Be "Inconsistent" in Order to Strengthen
Whining:
Once you have gone to all the effort to teach your child to
whine in a loud and obnoxious manner, you will want to make sure that the child
never loses this new skill. The best way to accomplish this is to be
INCONSISTENT.
On some occasions, don’t give in to your child no matter how
loud and obnoxious she becomes. Then, on other occasions, give in as soon as she
gets loud and obnoxious. Since your child will never know whether you are going
to "give in" or not, you will keep her guessing and she will more likely to keep
trying to use the obnoxious whining skill that you have so carefully trained her
to perform.
The technique you are utilizing is called
INTERMITTENT REINFORCEMENT. You let the child win
"every once in a while," and this will almost guarantee that the child’s whining
behavior is never completely EXTINGUISHED (or "eliminated"). The technique is
similar to that used in the lottery.
Most people keep coming back and playing the lottery because
they win "every once in a while." On some occasions, they don’t win at all. On
other occasions, they win a little bit of money. On rare occasions, they WIN
BIG! Most people keep playing in hopes of winning big. In a similar fashion,
your child will keep whining in hopes that you will eventually "give in" to her
requests and she will WIN BIG!
By the way, you can often use friends, relatives, or other
caretakers to help you train loud and obnoxious whining. Try to make sure that
they also "give in" to the child’s whining and that they know how to ignore the
child or argue with the child and wait for loud and obnoxious whining before
"giving in." Also, make sure that they know how to be inconsistent so that they
keep the child "guessing" so that she doesn’t know whether she will be rewarded
or not.
Use "Undermining" to Strengthen Whining:
A final technique, and one that is even more advanced, is to
argue in front of the child with another adult regarding the training techniques
you are using. We will call this technique UNDERMINING.
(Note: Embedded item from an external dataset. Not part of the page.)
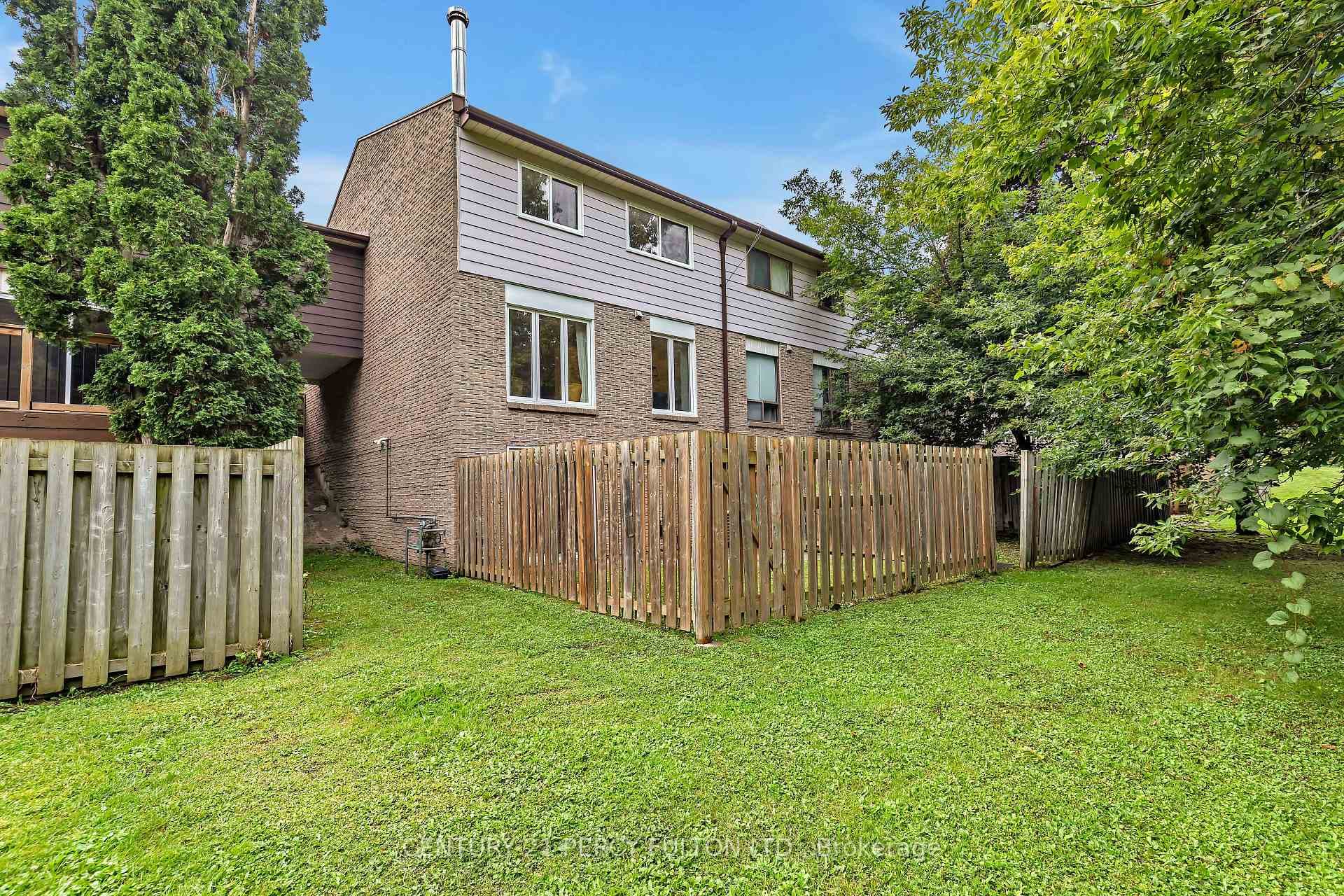 350 Camelot Court Unit 18 photo 27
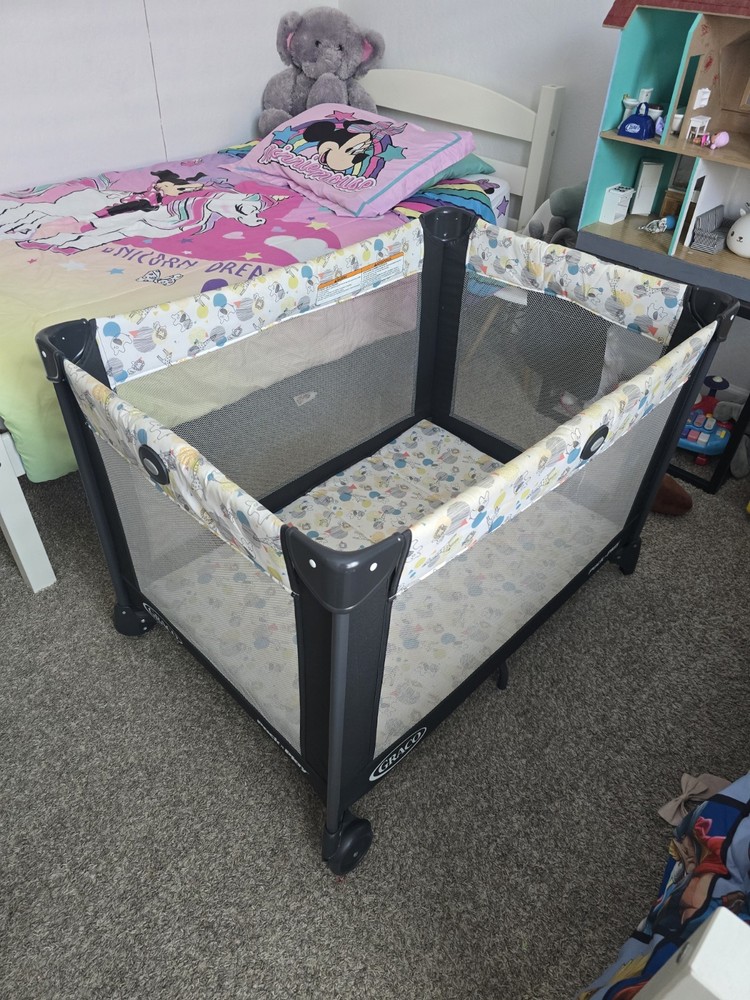 Graco Play Yard - Black (9G07CVL)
For example, if your partner is too consistent and
uncompromising with your child, try very hard to argue in front of the child
about what should be done. That way you can undermine the efforts of the other
person who may be trying to reduce or eliminate the loud and obnoxious whining
that you have so carefully trained your child to perform.
Be careful, some parents actually "punish" whining and reward
"non-whining" behavior. Such techniques can be completely devastating to your
attempts to teach loud and obnoxious behavior to your child. UNDERMINING is a
wonderful technique for "neutralizing" the attempts by others to train your
child not to whine.
With any luck, your child will soon learn that even if Dad or
Grandma actually punish the child for whining, or absolutely refuse to give in
to whining, your child can rest assured that she can count on you to "get
around" the hard guys. Regardless of the rules that others may make and try to
enforce, your child can always count on coming to you to get rewarded for
whining.
There you have it! You have successfully taught your child to
whine loudly and obnoxiously.
Here Are the Main Points To Keep in Mind:
-
Begin training when
your child is young.
-
Even if your child
can’t talk, reward whining noises and whining sounds.
-
As the child gets
older, try not to accidentally reward mature (non-whining) requests.
-
Reward whining
behavior frequently at first, then start using more advanced training
techniques.
-
Teach your child LOUD
and OBNOXIOUS whining by delaying the process of "giving in."
-
Try begging your child
to stop whining, but never actually punish your child for whining.
-
Try arguing with your
child until she gets loud and obnoxious, then "give in" to her demands.
-
When arguing, convey
to your child that you are tentative and insecure.
-
Listen to everything
the child says when arguing with her, even if she doesn’t make any sense.
-
Talk "over your
child’s head" when arguing in order to confuse and frustrate her.
-
Negotiate with your
child–and give her part of what she demands-- after you have held out as long as
possible.
-
Make sure you respond
to your child’s attempts to make you feel guilty for not "giving in."
-
Warn your child over
and over again about what you are going to do if she doesn’t stop whining–but
never follow through on your idle threats.
-
Try ignoring your
child until she gets loud and obnoxious...then give in.
-
When your child gets
loud and obnoxious, you should also get loud and obnoxious.
-
To strengthen the
whining response, try to be inconsistent in how you respond to it.
-
If other people try to
interfere with your whining training, make sure that you undermine their efforts
TIPS FOR REDUCING OR ELIMINATING WHINING
Introduction:
Now that you have taught your child to whine, you may be
wishing that you were not such a good teacher. If you would like to reverse the
process and reduce or eliminate whining, here are some things you should do.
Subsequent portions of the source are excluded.